Sports leagues have come out flying the flag for regulated betting, as long they get the first cut of the action. But their demand for one percent of wagers, which equates to at least 20 percent of revenues, has been derided by experts for undermining the whole point of regulation.
Experts have accused the US sports leagues of overreaching in their demands for a one percent “integrity fee”, saying it undermines the premise of regulation.
Designed to give leagues funding to protect the “integrity of the underlying competitions”, the proposal for a one percent levy on all wagers was first drafted in an Indiana gaming bill after meetings with powerbrokers from the MLB and NBA – but is now being promulgated as a “50-state solution” to sports betting regulation across the US.
Testifying before a New York state committee, the NBA’s attorney Dan Spillane said: “To compensate leagues for the risk and expense created by betting and the commercial value our product creates for betting operators, we believe it is reasonable.”
However, the suffocating fee, which could see leagues benefit by as much as $2bn each year, is widely seen by industry insiders and outside experts as undermining the merits and mechanisms of effective regulation.
Joe Asher, CEO of William Hill US, highlighted to the committee that a one percent tax on handle, is really a 20 percent tax on revenue – and far too high for licensed firms to compete with black market providers.
Asher’s 20 percent is conservative. Given that, after payout, legal sportsbooks in Nevada take between 3.5 and five percent of bets in revenues, one percent of wagers could easily equate 28 percent of yield.
Integrity experts, Sportradar conceded that investing in the integrity “of any and every sport is critical.
Of that there is no doubt. And frankly, to do it properly and credibly does require spend.”

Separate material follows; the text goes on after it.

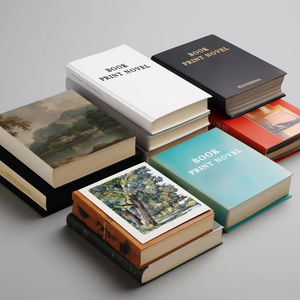 Custom Hardcover OEM cetak buku NOVEL kualitas tinggi A4 jurnal Binding sempurna dengan logo - Product Image 1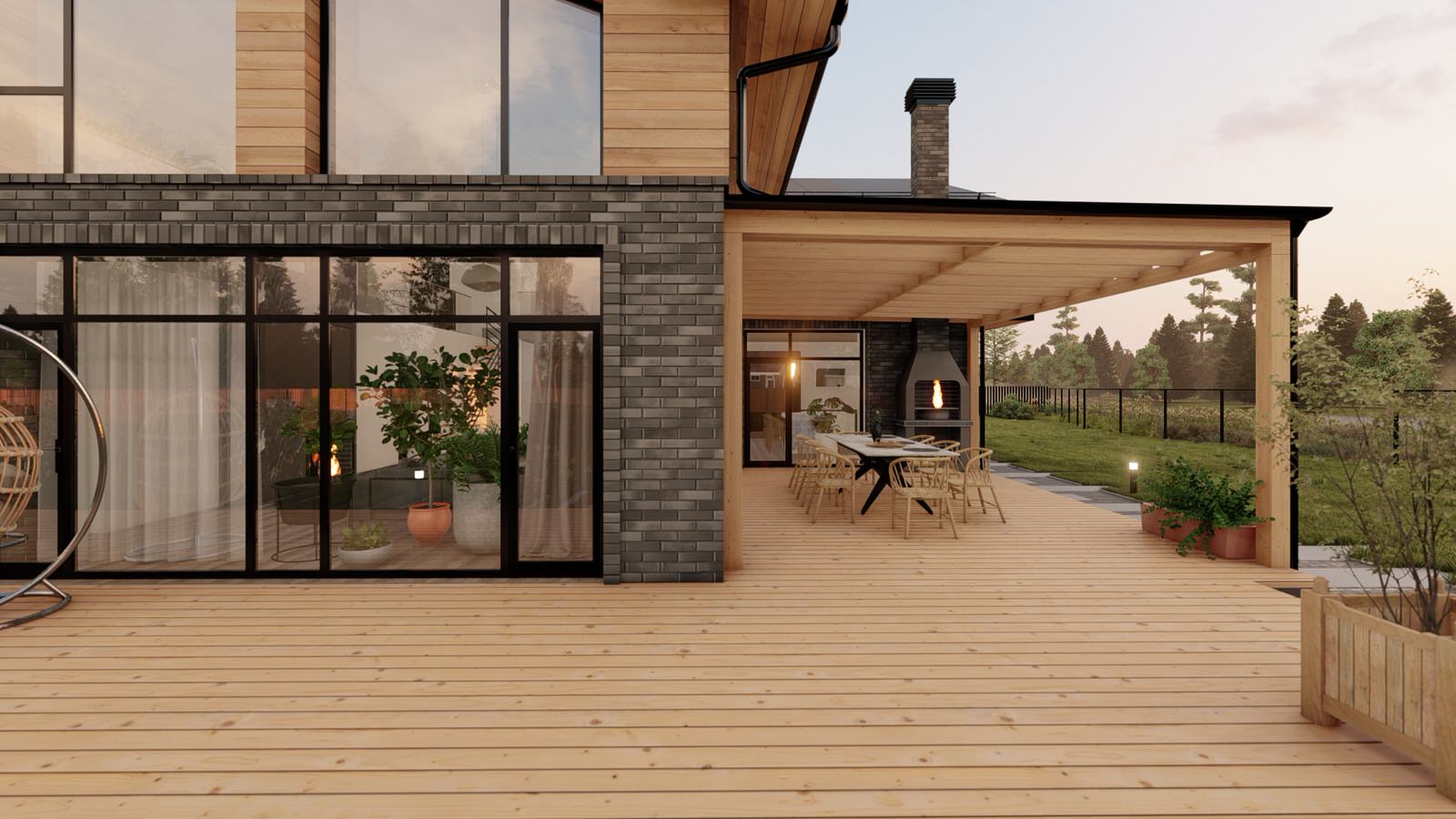 Проект дома 405м2 Сосновый Берег, Вологда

However, where that money comes from is a “tricky proposition”, the firm said.
“If that cost becomes prohibitive or uncompetitive as against offshore markets or black markets, the hope that a post PASPA US will see all sports betting come back on shore will founder. That will not help integrity at all.”
Renowned gaming professor I. Nelson Rose, and author of Gambling and the Law, crunched some numbers to see how such a fee would affect licensed operators.
By adding the one percent levy on wagers, on top of the 0.25 percent federal excise tax (also on wagers), as well as a hypothetical (and modest) 9.25 percent state gaming tax on revenues, “operators would be paying the equivalent of 39.3 percent of gross gaming revenue,” said Rose.
“In other words, the bookie takes in $10m in bets, pays the leagues $100,000, the feds $25,000 and the state about $38,000. This leaves the operator with about $250,000 to pay all of its expenses. Whatever is left, if any, is profit.
“I personally would never invest a cent into a business like this.”
Jeremy Kleiman, gaming lawyer and NJ-based Saiber, said the NBA’s approach “is very shortsighted,” who will already “benefit exponentially” from regulation, through advertising attendance and engagement.
“To demand a piece of tax revenue is plain greedy,” he added. From a practical point of view, however, Kleiman suggests that as states would also lose out from such a scheme, widespread approval is highly unlikely.
“It is possible some states will find a way to allow the leagues to directly benefit, but I am not confident a revenue share per league will be a part of final legislation. Assuming the other professional sports leagues are aligned – and that is a big if, everyone will want one percent, and that won’t leave anything for the states.”